- **TASK BRIEF**
Below is a set of entries; copy all of them exactly.

Start of PROVIDED ENTRIES

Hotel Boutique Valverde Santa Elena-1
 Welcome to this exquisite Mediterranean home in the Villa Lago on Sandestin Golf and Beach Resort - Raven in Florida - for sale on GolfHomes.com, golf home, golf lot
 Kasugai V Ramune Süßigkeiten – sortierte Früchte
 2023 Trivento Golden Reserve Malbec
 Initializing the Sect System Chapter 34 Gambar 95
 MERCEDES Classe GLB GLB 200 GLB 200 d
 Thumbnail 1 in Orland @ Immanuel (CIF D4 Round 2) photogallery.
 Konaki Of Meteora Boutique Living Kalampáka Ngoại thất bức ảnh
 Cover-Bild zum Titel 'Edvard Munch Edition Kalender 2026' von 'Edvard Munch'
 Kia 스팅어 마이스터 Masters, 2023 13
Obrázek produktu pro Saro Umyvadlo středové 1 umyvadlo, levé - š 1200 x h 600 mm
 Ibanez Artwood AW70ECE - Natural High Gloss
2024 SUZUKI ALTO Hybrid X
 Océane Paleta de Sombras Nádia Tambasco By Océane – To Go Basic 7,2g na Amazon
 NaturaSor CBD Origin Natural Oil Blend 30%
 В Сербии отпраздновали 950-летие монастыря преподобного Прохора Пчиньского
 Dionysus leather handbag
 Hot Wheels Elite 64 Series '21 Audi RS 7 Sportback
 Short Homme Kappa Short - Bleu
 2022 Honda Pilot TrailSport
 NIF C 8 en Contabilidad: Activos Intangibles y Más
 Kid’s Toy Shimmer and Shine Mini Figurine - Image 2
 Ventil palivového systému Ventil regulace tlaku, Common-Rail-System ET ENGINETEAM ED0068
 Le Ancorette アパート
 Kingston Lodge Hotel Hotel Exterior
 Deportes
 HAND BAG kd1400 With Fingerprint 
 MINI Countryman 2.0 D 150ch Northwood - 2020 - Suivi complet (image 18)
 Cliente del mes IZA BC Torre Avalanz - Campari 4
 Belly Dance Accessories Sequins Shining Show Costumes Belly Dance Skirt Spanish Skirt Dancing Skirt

End of PROVIDED ENTRIES

- **RESPONSE BELOW**
Hotel Boutique Valverde Santa Elena-1
 Welcome to this exquisite Mediterranean home in the Villa Lago on Sandestin Golf and Beach Resort - Raven in Florida - for sale on GolfHomes.com, golf home, golf lot
 Kasugai V Ramune Süßigkeiten – sortierte Früchte
 2023 Trivento Golden Reserve Malbec
 Initializing the Sect System Chapter 34 Gambar 95
 MERCEDES Classe GLB GLB 200 GLB 200 d
 Thumbnail 1 in Orland @ Immanuel (CIF D4 Round 2) photogallery.
 Konaki Of Meteora Boutique Living Kalampáka Ngoại thất bức ảnh
 Cover-Bild zum Titel 'Edvard Munch Edition Kalender 2026' von 'Edvard Munch'
 Kia 스팅어 마이스터 Masters, 2023 13
Obrázek produktu pro Saro Umyvadlo středové 1 umyvadlo, levé - š 1200 x h 600 mm
 Ibanez Artwood AW70ECE - Natural High Gloss
2024 SUZUKI ALTO Hybrid X
 Océane Paleta de Sombras Nádia Tambasco By Océane – To Go Basic 7,2g na Amazon
 NaturaSor CBD Origin Natural Oil Blend 30%
 В Сербии отпраздновали 950-летие монастыря преподобного Прохора Пчиньского
 Dionysus leather handbag
 Hot Wheels Elite 64 Series '21 Audi RS 7 Sportback
 Short Homme Kappa Short - Bleu
 2022 Honda Pilot TrailSport
 NIF C 8 en Contabilidad: Activos Intangibles y Más
 Kid’s Toy Shimmer and Shine Mini Figurine - Image 2
 Ventil palivového systému Ventil regulace tlaku, Common-Rail-System ET ENGINETEAM ED0068
 Le Ancorette アパート
 Kingston Lodge Hotel Hotel Exterior
 Deportes
 HAND BAG kd1400 With Fingerprint 
 MINI Countryman 2.0 D 150ch Northwood - 2020 - Suivi complet (image 18)
 Cliente del mes IZA BC Torre Avalanz - Campari 4
 Belly Dance Accessories Sequins Shining Show Costumes Belly Dance Skirt Spanish Skirt Dancing Skirt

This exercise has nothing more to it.